When you see: "Ordering", "Dependencies", "Prerequisites"

Think: Topological sort! (requires no cycles)

Similar Problems: Course Schedule II, Alien Dictionary

Pattern 11: Dynamic Programming

Problem 21: Climbing Stairs (Easy)

LeetCode #70

Problem: You can climb 1 or 2 steps at a time. How many distinct ways to reach top of n-step staircase?

Intuition

Key Insight: To reach step n, you either came from step n-1 (1 step) or step n-2 (2 steps).

Recurrence: ways(n) = ways(n-1) + ways(n-2) - This is Fibonacci!

WHY DP? Overlapping subproblems - we recompute same steps multiple times.

def climbStairs(n):
    """
    Dynamic Programming (Fibonacci)

    How it works:
    - Base cases: ways(1) = 1, ways(2) = 2
    - For each step, add ways from previous two steps

    Example: n = 5
    Step 1: 1 way (1)
    Step 2: 2 ways (1+1, 2)
    Step 3: 3 ways (1+1+1, 1+2, 2+1)
    Step 4: 5 ways (sum of step 2 and 3)
    Step 5: 8 ways (sum of step 3 and 4)

    Time: O(n)
    Space: O(1) - only store last two values
    """
    if n <= 2:
        return n

    # Only need last two values
    prev2 = 1  # ways(1)
    prev1 = 2  # ways(2)

    for i in range(3, n + 1):
        current = prev1 + prev2
        prev2 = prev1
        prev1 = current

    return prev1

Pattern Recognition

When you see: "Count number of ways" or "distinct paths"

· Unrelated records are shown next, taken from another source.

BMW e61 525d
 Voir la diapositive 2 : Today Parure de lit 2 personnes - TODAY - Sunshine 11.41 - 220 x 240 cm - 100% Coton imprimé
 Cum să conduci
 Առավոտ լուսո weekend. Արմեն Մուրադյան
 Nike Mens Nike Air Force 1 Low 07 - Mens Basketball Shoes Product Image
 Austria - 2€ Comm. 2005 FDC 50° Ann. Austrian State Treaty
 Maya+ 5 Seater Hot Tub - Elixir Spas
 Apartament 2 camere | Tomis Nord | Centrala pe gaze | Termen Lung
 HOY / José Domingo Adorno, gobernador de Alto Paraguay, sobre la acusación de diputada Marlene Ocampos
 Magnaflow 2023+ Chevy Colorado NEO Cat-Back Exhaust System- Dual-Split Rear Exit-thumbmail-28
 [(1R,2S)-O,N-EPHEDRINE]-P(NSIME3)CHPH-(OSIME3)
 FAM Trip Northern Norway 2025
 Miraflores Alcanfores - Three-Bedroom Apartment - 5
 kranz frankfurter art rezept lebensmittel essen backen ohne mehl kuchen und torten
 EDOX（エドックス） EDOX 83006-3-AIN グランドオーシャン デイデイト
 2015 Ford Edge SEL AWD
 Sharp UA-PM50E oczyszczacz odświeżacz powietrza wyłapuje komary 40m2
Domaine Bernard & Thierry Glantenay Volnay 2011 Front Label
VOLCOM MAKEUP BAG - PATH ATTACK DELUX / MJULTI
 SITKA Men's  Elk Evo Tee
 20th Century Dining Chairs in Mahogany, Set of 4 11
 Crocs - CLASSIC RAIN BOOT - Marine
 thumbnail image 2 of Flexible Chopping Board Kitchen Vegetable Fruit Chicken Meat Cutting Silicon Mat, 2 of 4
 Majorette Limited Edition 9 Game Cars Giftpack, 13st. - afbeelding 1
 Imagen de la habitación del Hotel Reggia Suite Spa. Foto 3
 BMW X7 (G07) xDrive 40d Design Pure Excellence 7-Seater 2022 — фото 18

Think: Dynamic Programming!

Steps:

  1. Identify state: What do we need to know? (current step)
  2. Find recurrence: How to build from subproblems? (n-1 + n-2)
  3. Base cases: What are smallest problems? (1, 2)
  4. Optimize space: Do we need full array? (No, just last 2)

Problem 22: House Robber (Medium)

LeetCode #198

Problem: You're a robber planning to rob houses along a street. Adjacent houses have security that alerts police if broken into on same night. Given array of money in each house, return maximum amount you can rob.

Intuition

Key Insight: At each house, choose: rob this house + max from 2 houses ago, OR skip it + max from previous house.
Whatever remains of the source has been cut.